The modern COLREGs were set out in 1972 by the International Maritime Organisation (IMO) as a set of guidelines for vessel encounters at sea, i.e. Rules of the Road. It is expected that all vessel operators comply with these regulations, which outline procedures for determining right of way and correct avoidance manoeuvres. Thus, if marine vessels can operate intelligently in accordance with these guidelines, many traffic-related accidents at sea caused by human error could be avoided. It should be stressed that motion planning for marine vehicles has been investigated in detail, however little attention is paid to COLREGs compliance. This lack of interest can be attributed to a number of factors. The foremost is the non-existence of any laws or regulations for the operation of USVs. Hence, until now the industry has not demanded USV development in preference to manned vehicles, primarily due to deficiencies in the decision-making abilities of an autonomous system.

In the last few years, noteworthy reviews have been carried out outlining USV motion planning and obstacle avoidance methodologies.
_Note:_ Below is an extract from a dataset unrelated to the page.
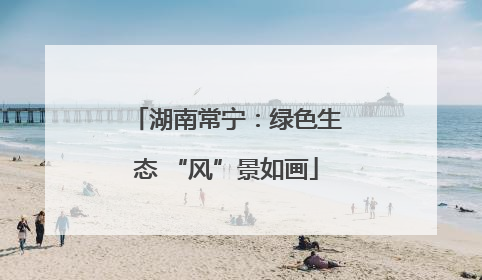 湖南常宁：绿色生态 “风”景如画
One such paper (Statheros et al., 2008) describes various soft computing techniques for obstacle avoidance, mentioning only limited heuristic search methods. It does not address the USV control systems or COLREGs themselves and how to implement them in any detail. A recent review of close-range collision avoidance (Tam et al., 2009) gives a chronological account of approaches taken to the guidance problem and discusses related studies which tackle path planning with regard to collision avoidance. The authors did not discuss unmanned vehicles, but rather focussed on increasing the autonomy of manned craft to avoid human error during navigation when executing COLREGs. Another paper (Benjamin et al., 2006) describing behaviour-based control using Interval Programming discusses COLREGs protocol selection and action averaging accompanied by sea trials. However, only the four main COLREGs manoeuvre-based rules are investigated and the vessels used in the trials maintain wireless communication in order to determine the position of the other without relying on sensor information. It is concluded therefore, that existing literature has not sufficiently addressed problems establishing behavioural patterns based on obstacle classification (i.e. static, dynamic, geographic or other vessels) and complex encounter situations regarding COLREGs. It is also necessary to develop fail-safe methods for reactive avoidance, should the USV encounter unforeseen situations. This paper presents the recent developments in a wide range of fundamental topics relating to USVs and how the synthesis of these developments along with robust real-time motion planning can provide a comprehensive solution for a COLREGs compliant USV.

The following sections discuss the present state of USV development and highlight deficiencies and issues yet to be satisfactorily addressed. Through consideration of existing USV prototypes, NGC aspects and advanced motion planning techniques for the assimilation of COLREGs, this literature identifies key avenues to be explored for the accomplishment of an intelligent, autonomous USV.